SINGAPORE - Enforcement officers spoke to thousands of diners at hawker centres about returning their trays, when dining in was allowed to resume on Monday (June 21).
Speaking to the media during a visit to North Bridge Road Market and Food Centre on Tuesday morning, Senior Minister of State for Sustainability and the Environment Amy Khor said officers from the National Environment Agency (NEA) had advised more than 4,500 diners not to forget to return their trays.
When The Straits Times visited three hawker centres on Tuesday, most diners were seen returning trays on their own, although some were still not doing so.
At about 9.45am, more than 10 people were seen returning their trays and used cutlery at the North Bridge Road food centre, while a few did not return their trays at the Clementi 448 Market and Food Centre in the four hours that ST was there.

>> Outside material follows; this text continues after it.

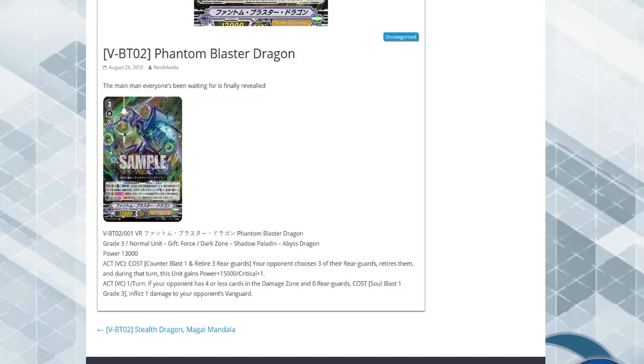Well, let's start off. When I first read this I was kind of underwhelmed. So let's go through its skills and then talk about it. ACT Vanguard costs counter blast one, retire three of your rear guards, we all expected that.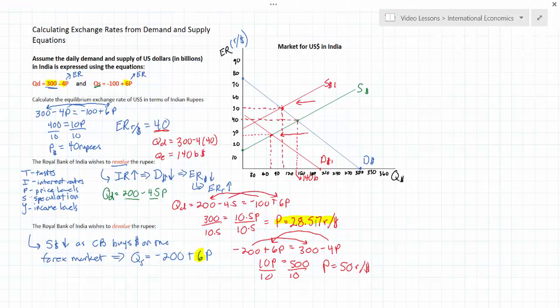In the second scenario, the Central Bank wanted to devalue the rupee, so it intervened in the forex market by buying up dollars. This caused the dollar to get stronger, with a new exchange rate of 50 rupees per dollar, corresponding to a weaker rupee — hence the rupee was devalued. The purpose of this lesson was to show how we can use demand and supply equations to calculate equilibrium exchange rates, plot demand and supply curves on a graph, and calculate the effect of a change in demand or supply of a currency on the foreign exchange market.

NEA officers were seen at the Serangoon Garden Market and Food Centre and also at the North Bridge Road centre.
It is mandatory for diners to return their trays and clear their table of litter from June 1, but no enforcement action will be taken until after Aug 31, as part of an effort to help diners adjust, the NEA had said on May 14.
But dining out was not allowed until Monday, after Singapore introduced phase two (heightened alert) measures on May 16.
While being able to dine out again is a welcome development, Dr Khor said, there are "considerable risks" associated with dining at public places and it is critical to maintain high standards of cleanliness.
She said: "This is all the more important in light of the recent Bukit Merah View cluster where, currently, it is not possible to rule out the transmission of Covid-19 through the use of common spaces."
From Sept 1, enforcement action will be taken against those who do not clean up after themselves in public dining places, a move that comes after years of extensive educational efforts to change the behaviour and mindsets of diners.
First-time offenders will be given a written warning. Second-time offenders will face a $300 composition fine, and subsequent offences may lead to court fines, which can go up to $2,000 for the first conviction. Enforcement action will not be taken against those with disabilities or are frail and elderly and unable to clear the tables.
The Singapore Food Agency will work with NEA to roll out enforcement progressively at coffee shops and foodcourts in the fourth quarter of this year.
Dr Khor said the NEA is also working with stakeholders, such as cleaning companies, to revise the table cleaning workflow for cleaners.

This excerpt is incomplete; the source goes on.